The immediate concern on every Nightmare fans’ mind is, of course, “how does this compare with albums like Cosmovision and The Dominion Gate?” Well, let’s address this directly and fairly: Öblivïon is very honest about being more hard-rock and traditionally heavy metal-inspired than the Amore boys’ involvement in the erstwhile heavy/power icon. However, there’s a lot of familiar sounds happening on Resilience, and they’re not all courtesy of Jo’s glorious signature roar. The listener is scalded early with fast tracks like “Honor and Glory” and “Bells from Babylon,” both of which burn with a familiar energy and hints at a darker tonality. However, cheerful, upbeat tunes like “In the Arms of a Queen” and “The Race is On” sound almost alien coming from Amore’s throat – though not without a very special vibrancy all their own.
Jo Amore has always fallen into the small and unique vocal camp inhabited by the likes of Nils Patrik Johansson and our beloved Jørn Lande: a powerful voice with ample gravel to it, controlled with precision and able to delve into a gentle croon when necessary. Though Amore’s croon is certainly not a match for Lande’s, he has just as much energy at full throttle. Resilience sees him able to deliver some of his most striking melody lines to date (that part of the press release is true, actually), and Öblivïon is certainly more a chorus-focused effort than Nightmare was. The instrumental work does not suffer in the slightest, however, and while there’s nothing I’d declare “progressive,” the routine tempo shifts, adept bass work, frequent sequential guitar runs, and occasionally staggered rhythms make for enough technicality as to be appreciated as a true merit of the work.
As Resilience marches through to its conclusion, a trend appears. While the first four songs are readily identifiable as power metal, the segueing power ballad “I Thought I was a King” gives way to songs of a slightly different character. “Evil Spell,” while vigorous and moderately fast, turns up the neoclassicism and shifts focus toward the instrumentation, resulting in a delightfully Iron Mask-like track. “Punished by the Crowd” adopts a more simplistic, martial approach, while “Dreamers Believers” finishes the journey off with further deviation from a couple more interjecting power metal tunes. This makes for what, at a casual glance, might seem a top-heavy album. In reality, the deeper cuts on Resilience offer a variety and freshness that’s welcome after the initial sonic assault.

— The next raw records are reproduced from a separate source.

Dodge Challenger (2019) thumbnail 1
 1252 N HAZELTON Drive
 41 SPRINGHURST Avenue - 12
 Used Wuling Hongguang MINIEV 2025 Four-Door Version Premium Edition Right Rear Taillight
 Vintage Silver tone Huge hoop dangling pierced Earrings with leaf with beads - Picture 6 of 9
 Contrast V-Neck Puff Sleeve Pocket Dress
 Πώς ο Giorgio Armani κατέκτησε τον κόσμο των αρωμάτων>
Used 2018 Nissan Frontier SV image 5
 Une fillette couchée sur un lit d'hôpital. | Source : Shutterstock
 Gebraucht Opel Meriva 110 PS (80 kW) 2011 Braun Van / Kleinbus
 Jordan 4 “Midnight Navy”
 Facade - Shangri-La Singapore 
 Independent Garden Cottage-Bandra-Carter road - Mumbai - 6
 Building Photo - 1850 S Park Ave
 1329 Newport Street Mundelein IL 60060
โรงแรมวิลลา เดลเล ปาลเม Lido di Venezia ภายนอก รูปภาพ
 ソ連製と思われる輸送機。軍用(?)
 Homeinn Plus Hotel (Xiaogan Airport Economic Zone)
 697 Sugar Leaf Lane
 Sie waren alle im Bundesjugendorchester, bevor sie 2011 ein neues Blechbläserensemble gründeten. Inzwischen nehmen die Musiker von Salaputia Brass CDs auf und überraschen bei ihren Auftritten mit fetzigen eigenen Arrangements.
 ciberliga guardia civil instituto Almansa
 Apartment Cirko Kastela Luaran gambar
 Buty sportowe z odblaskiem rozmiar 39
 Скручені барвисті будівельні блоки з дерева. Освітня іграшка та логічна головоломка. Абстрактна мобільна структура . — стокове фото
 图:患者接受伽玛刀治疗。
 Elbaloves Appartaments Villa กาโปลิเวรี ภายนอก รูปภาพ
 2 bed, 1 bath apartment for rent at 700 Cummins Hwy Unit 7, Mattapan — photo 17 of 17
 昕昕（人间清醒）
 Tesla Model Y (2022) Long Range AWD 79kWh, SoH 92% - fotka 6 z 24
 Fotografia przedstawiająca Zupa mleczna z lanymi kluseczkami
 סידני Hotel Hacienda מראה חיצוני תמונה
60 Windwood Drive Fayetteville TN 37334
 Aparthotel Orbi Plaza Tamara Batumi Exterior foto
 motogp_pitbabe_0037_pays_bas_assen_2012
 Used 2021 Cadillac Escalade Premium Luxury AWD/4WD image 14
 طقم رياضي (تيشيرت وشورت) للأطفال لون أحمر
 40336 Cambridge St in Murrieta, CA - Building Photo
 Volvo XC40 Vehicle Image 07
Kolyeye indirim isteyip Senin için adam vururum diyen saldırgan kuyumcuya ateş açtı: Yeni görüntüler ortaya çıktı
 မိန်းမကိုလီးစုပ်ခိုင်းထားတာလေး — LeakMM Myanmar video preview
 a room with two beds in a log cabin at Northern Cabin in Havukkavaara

I’d be hard-pressed to pick a truly weak link on this album, and so I’ll stick with “I Thought I was a King” for the mere fact that I always enjoy making sport of slower, less inspired tracks. There are one or two others that are less memorable, but the vast majority of the material here ranges from good to great, and Resilience proves ultimately to be a sterling return to form for the ex-Nightmare boys and company, as well as a distinguished album in its own right. I would compare the style of Öblivïon most closely to middle-era Tad Morose, the power metal side of Iron Mask, Impellitteri, and maybe some At Vance, and recommend it to the same audiences. This one’s a welcome addition to the fold in 2018 that should appeal to a pretty wide selection of the heavy/power crowd.